■ TRY IT: Please write the listing below out again exactly, leaving every picture behind.

■ RAW DATA:
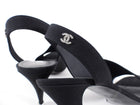 Chanel Black Fabric Slingback Pumps with Crystal CC and Heels - 41 / 40 / 9.5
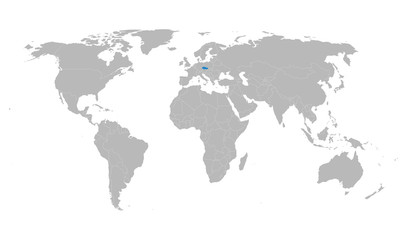 Fototapeta na wymiar Czechia map marked blue on world map vector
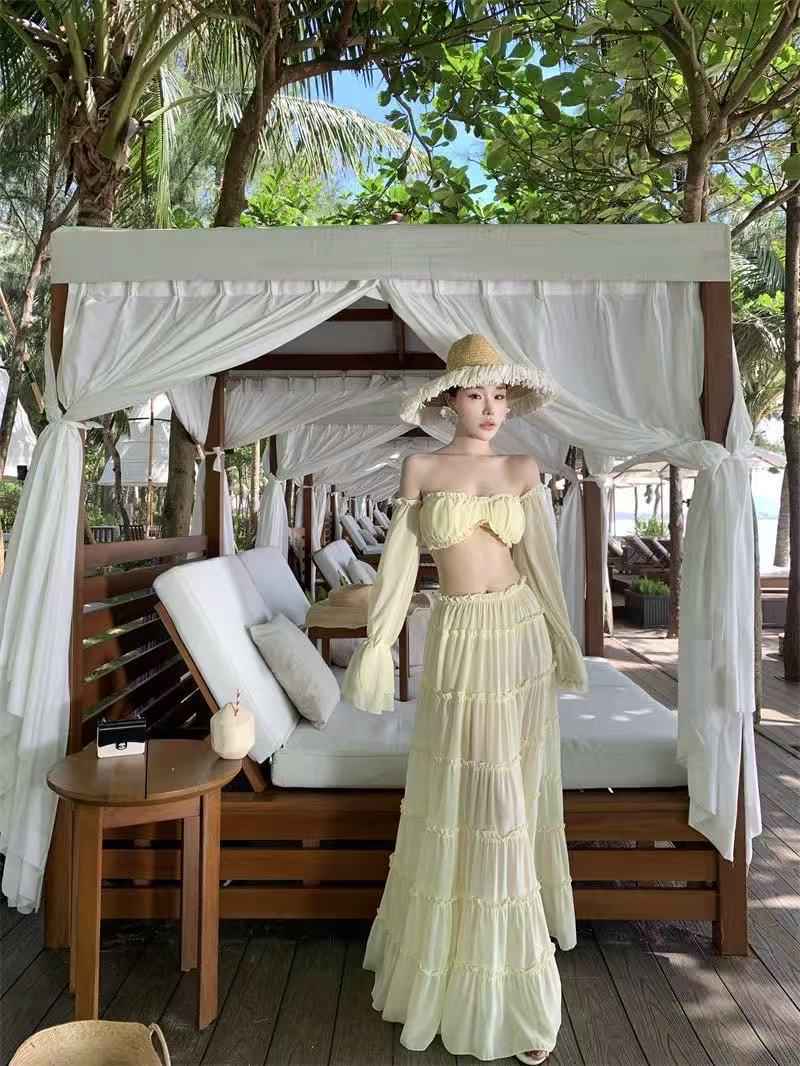 Tiered Ruffle Off-Shoulder Beach Set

■ EXERCISE ANSWER:
 Chanel Black Fabric Slingback Pumps with Crystal CC and Heels - 41 / 40 / 9.5
 Fototapeta na wymiar Czechia map marked blue on world map vector
 Tiered Ruffle Off-Shoulder Beach Set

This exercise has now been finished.